7. PANE, PASTA E RISO FANNO INGRASSARE – FALSO

Pane, pasta e riso apportano prevalentemente carboidrati complessi che rappresentano la principale fonte di energia del nostro organismo, costituendo, assieme a frutta e verdura, la base di una dieta equilibrata. È comunque bene non consumarne porzioni eccessivamente abbondanti e soprattutto evitare condimenti molto grassi (salse a base di panna, uovo o carne, pane alle olive, ecc.). È preferibile consumare prodotti integrali in quanto contengono una maggior quantità di fibra che ritarda l’assorbimento dei macro-nutrienti (carboidrati, grassi e proteine) ingeriti con la dieta con conseguenti effetti benefici sul nostro organismo.

 

8. I PRODOTTI IN SCATOLA SONO PIENI DI CONSERVANTI – FALSO

Questa affermazione può essere vera in alcuni casi, ma non sempre. In generale, i prodotti in scatola, come legumi e pesce, ricevono trattamenti termici di pastorizzazione o sterilizzazione che rendono il prodotto stabile nel tempo e non richiedono l’aggiunta di conservanti chimici.

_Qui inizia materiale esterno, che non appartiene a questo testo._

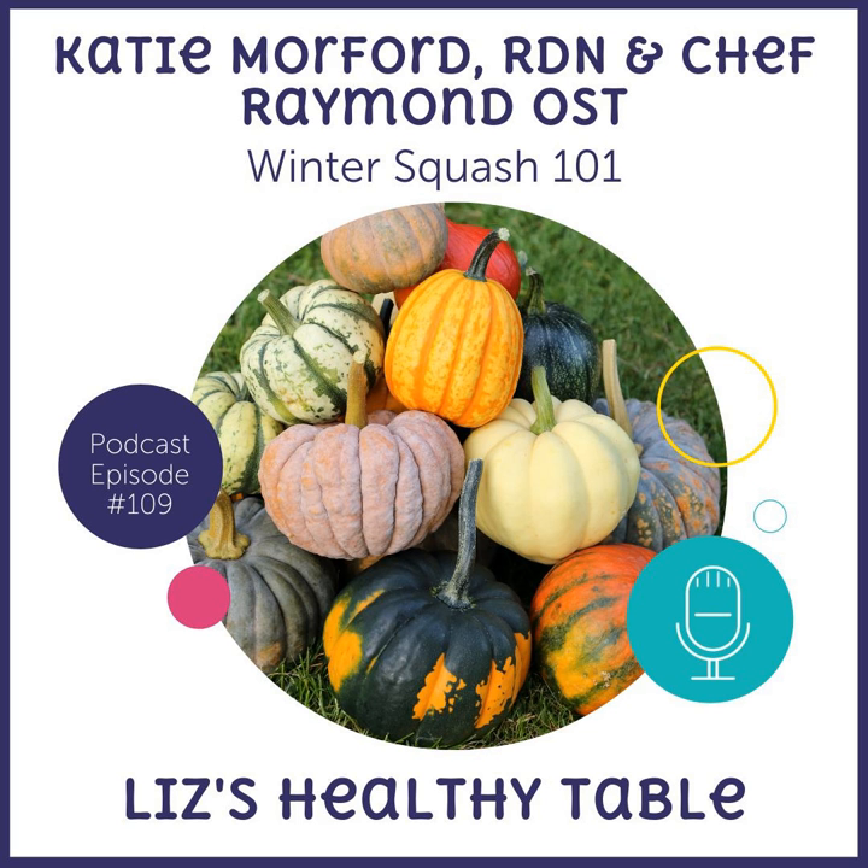You're listening to Episode 109 of Liz's Healthy Table. Looking for a healthy new way to feed your family without the hassle and hype? Welcome to Liz's Healthy Table, where your host, registered dietitian nutritionist Liz Weiss, serves up fresh and flavorful recipes with a tasty side of science, good nutrition and fun. Are you and your family ready for some wholesome food that tastes great too? Don't change that dial. Your food adventure starts here.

È tuttavia certo che le conserve contengono in generale molto sale (o zucchero, a seconda dalla tipologia del prodotto) che ha di per sé una funzione conservante. Per questa ragione, dobbiamo avere alcuni accorgimenti quando consumiamo prodotti in scatola, così comodi quando si ha poco tempo a disposizione!!! Tra gli accorgimenti da seguire, ricordiamo: gettare il liquido che li contiene, lavarli sotto acqua corrente per alcuni minuti o scegliere i prodotti al naturale, certamente più salutari. Infine, va detto che non si può fare di tutta l’erba un fascio, bensì occorre verificare in etichetta l’assenza di conservanti.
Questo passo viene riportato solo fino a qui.